Exponential decay of correlations for Gibbs measures on attractors of Axiom A flows

TL;DR

This paper investigates the decay of correlations in Gibbs measures on Axiom A attractors of flows, establishing conditions for exponential decay or joint integrability of stable and unstable bundles.

Contribution

It proves that codimension one Axiom A attractors with a smooth stable foliation exhibit exponential decay of correlations or have jointly integrable bundles, with implications for flow dynamics.

Findings

Exponential decay of correlations for certain Gibbs measures.

Existence of open sets of flows with exponential mixing and invariance principles.

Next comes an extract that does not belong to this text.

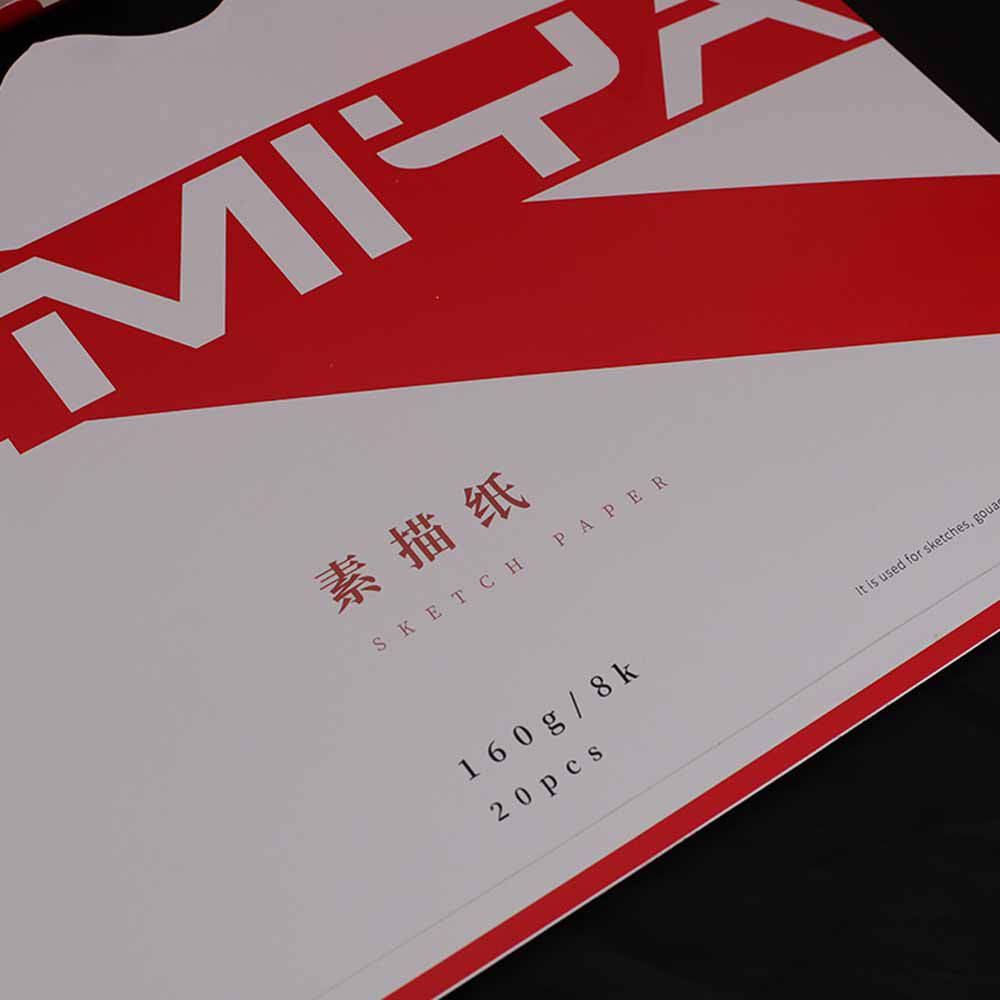 Papel Para Bocetos Himi-miya, 20pcs, 8k/160g image number 1.0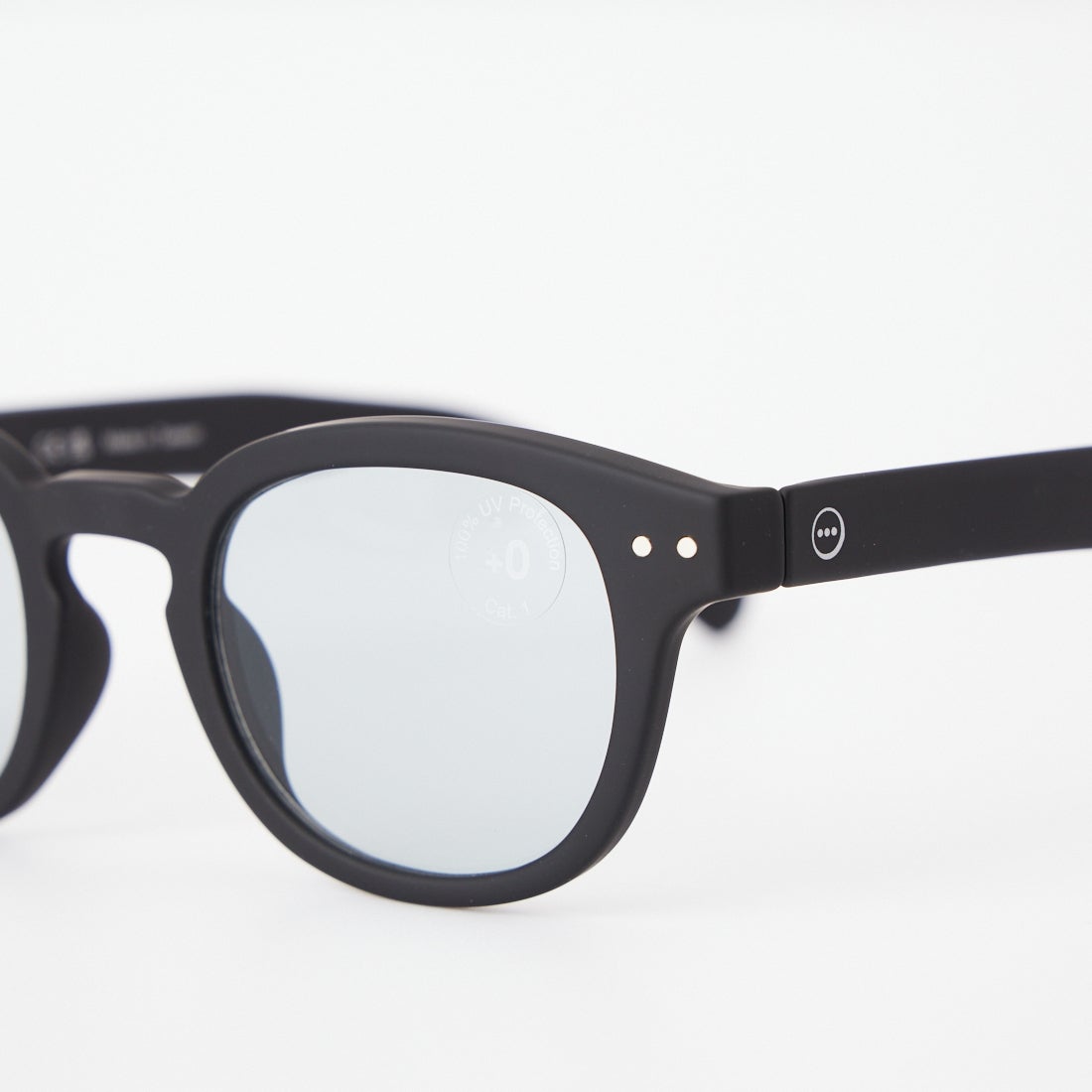 IZIPIZI [イジピジ] #C SUN LCサングラス [SUN-LC-C-BK-LGL] BLACK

Growth rate of closed orbits related to topological entropy.

Abstract

In this paper we study the decay of correlations for Gibbs measures associated to codimension one Axiom A attractors for flows. We prove that a codimension one Axiom A attractors whose strong stable foliation is $C^{1+\alpha}$ either have exponential decay of correlations with respect to all Gibbs measures associated to H\"older continuous potentials or their stable and unstable bundles are jointly integrable. As a consequence, there exist $C^1$-open sets of $C^3$-vector fields generating Axiom A flows having attractors so that: (i) mix exponentially with respect to equilibrium states associated with H\"older continuous potentials, (ii) their time-1 maps satisfy an almost sure invariance principle, and (iii) the growth of the number of closed orbits of length $T$ is described by the topological entropy of the attractor.